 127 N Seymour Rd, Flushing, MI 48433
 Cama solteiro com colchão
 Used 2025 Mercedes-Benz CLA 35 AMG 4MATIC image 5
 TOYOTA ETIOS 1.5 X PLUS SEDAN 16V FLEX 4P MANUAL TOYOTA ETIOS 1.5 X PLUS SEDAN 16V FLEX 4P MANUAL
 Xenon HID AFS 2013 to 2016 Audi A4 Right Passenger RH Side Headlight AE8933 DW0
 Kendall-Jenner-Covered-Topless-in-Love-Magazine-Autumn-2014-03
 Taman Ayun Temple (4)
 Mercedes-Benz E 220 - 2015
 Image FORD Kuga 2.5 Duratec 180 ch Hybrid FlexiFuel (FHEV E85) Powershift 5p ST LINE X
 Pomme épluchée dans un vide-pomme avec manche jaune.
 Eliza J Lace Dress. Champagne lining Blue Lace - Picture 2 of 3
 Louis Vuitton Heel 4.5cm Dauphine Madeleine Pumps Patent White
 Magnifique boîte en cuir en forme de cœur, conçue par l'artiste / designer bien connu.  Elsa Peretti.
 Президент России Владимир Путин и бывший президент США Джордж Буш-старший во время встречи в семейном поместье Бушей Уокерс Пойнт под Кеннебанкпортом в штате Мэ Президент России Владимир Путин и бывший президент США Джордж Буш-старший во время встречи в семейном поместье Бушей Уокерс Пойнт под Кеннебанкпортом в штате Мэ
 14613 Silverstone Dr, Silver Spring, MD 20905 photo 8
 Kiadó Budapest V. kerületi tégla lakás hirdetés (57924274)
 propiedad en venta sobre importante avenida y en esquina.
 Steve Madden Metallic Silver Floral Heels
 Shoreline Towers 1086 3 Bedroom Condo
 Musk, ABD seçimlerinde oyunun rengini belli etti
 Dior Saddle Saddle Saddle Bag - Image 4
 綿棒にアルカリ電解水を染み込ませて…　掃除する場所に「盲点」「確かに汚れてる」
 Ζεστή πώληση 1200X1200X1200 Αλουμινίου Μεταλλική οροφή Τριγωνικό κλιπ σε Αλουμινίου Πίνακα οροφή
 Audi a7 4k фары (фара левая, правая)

^^^^^^^^^^^^^^^^

> [Problem to work on] Each of the lines above must appear again, unchanged.

> [Exercise answer]
 127 N Seymour Rd, Flushing, MI 48433
 Cama solteiro com colchão
 Used 2025 Mercedes-Benz CLA 35 AMG 4MATIC image 5
 TOYOTA ETIOS 1.5 X PLUS SEDAN 16V FLEX 4P MANUAL TOYOTA ETIOS 1.5 X PLUS SEDAN 16V FLEX 4P MANUAL
 Xenon HID AFS 2013 to 2016 Audi A4 Right Passenger RH Side Headlight AE8933 DW0
 Kendall-Jenner-Covered-Topless-in-Love-Magazine-Autumn-2014-03
 Taman Ayun Temple (4)
 Mercedes-Benz E 220 - 2015
 Image FORD Kuga 2.5 Duratec 180 ch Hybrid FlexiFuel (FHEV E85) Powershift 5p ST LINE X
 Pomme épluchée dans un vide-pomme avec manche jaune.
 Eliza J Lace Dress. Champagne lining Blue Lace - Picture 2 of 3
 Louis Vuitton Heel 4.5cm Dauphine Madeleine Pumps Patent White
 Magnifique boîte en cuir en forme de cœur, conçue par l'artiste / designer bien connu.  Elsa Peretti.
 Президент России Владимир Путин и бывший президент США Джордж Буш-старший во время встречи в семейном поместье Бушей Уокерс Пойнт под Кеннебанкпортом в штате Мэ Президент России Владимир Путин и бывший президент США Джордж Буш-старший во время встречи в семейном поместье Бушей Уокерс Пойнт под Кеннебанкпортом в штате Мэ
 14613 Silverstone Dr, Silver Spring, MD 20905 photo 8
 Kiadó Budapest V. kerületi tégla lakás hirdetés (57924274)
 propiedad en venta sobre importante avenida y en esquina.
 Steve Madden Metallic Silver Floral Heels
 Shoreline Towers 1086 3 Bedroom Condo
 Musk, ABD seçimlerinde oyunun rengini belli etti
 Dior Saddle Saddle Saddle Bag - Image 4
 綿棒にアルカリ電解水を染み込ませて…　掃除する場所に「盲点」「確かに汚れてる」
 Ζεστή πώληση 1200X1200X1200 Αλουμινίου Μεταλλική οροφή Τριγωνικό κλιπ σε Αλουμινίου Πίνακα οροφή
 Audi a7 4k фары (фара левая, правая)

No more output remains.